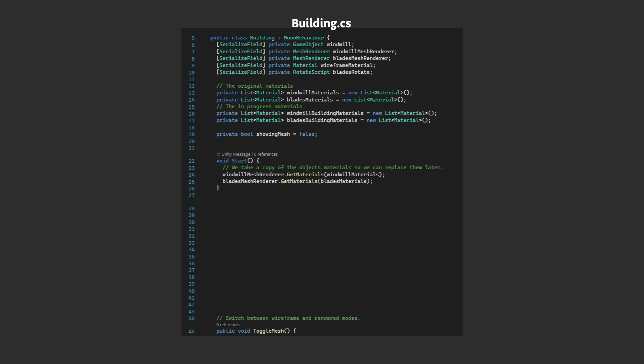In the buildings.cs script, we'll create another global boolean to maintain the state called showing overlay. To control this, we create a new method called toggle overlay. First up, we create a variable to hold the shader we'll apply, then we'll toggle the boolean value.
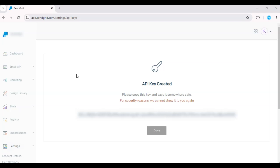Now you can use this API key in your applications to send emails, access your account data, or integrate with third-party platforms.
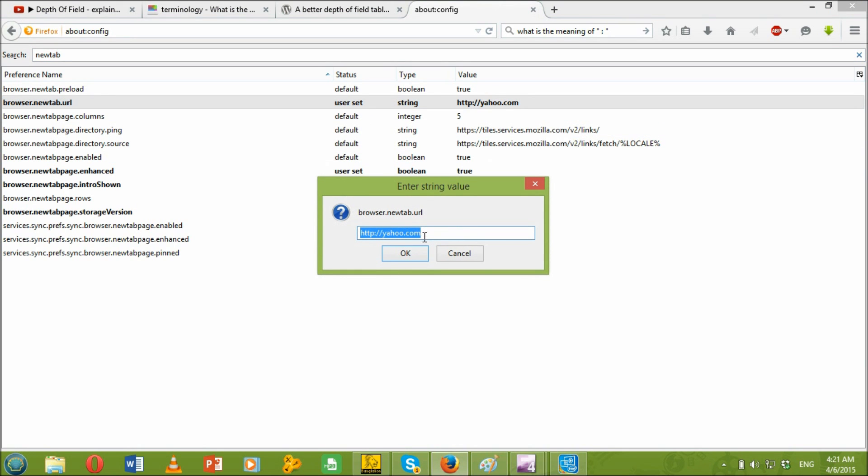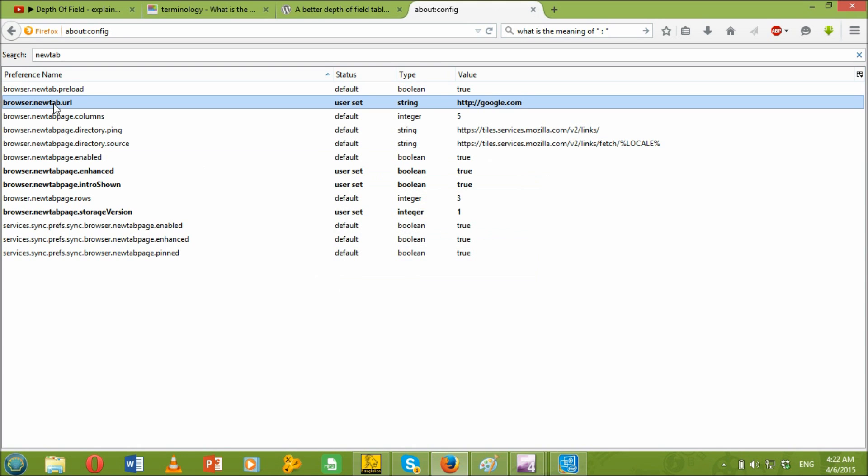And then here you go, you find this and just replace it with your desired URL, what you want to be opened automatically. In my case, I just want google.com to be opened automatically on my browser, so I'm just replacing it with google.com. Just press OK and then right click on that browser.newtab.url and click modify.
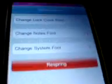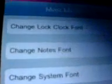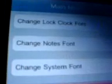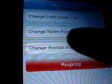Let's open up Font Swap. And so here are a few settings: change the lock clock, change the notes, change the system font.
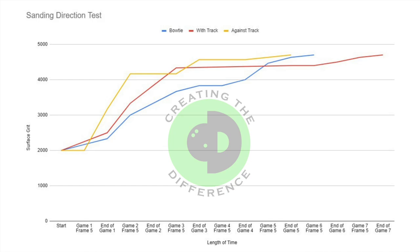From a surface longevity standpoint, the data is pretty interesting. The bowling ball that lasted the longest — the with-the-track ball — lasted 24% longer than the ball sanded around the bowtie, and 33% longer than the ball sanded against the track.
· · · · · · ·
§ PROBLEM TO WORK ON: All pictures must be left out. Reproduce exactly the lines from the one containing "And then here" to the final line of the entries.

§ FINISHED EXERCISE:
And then here you go, you find this and just replace it with your desired URL, what you want to be opened automatically. In my case, I just want google.com to be opened automatically on my browser, so I'm just replacing it with google.com. Just press OK and then right click on that browser.newtab.url and click modify.
Let's open up Font Swap. And so here are a few settings: change the lock clock, change the notes, change the system font.
From a surface longevity standpoint, the data is pretty interesting. The bowling ball that lasted the longest — the with-the-track ball — lasted 24% longer than the ball sanded around the bowtie, and 33% longer than the ball sanded against the track.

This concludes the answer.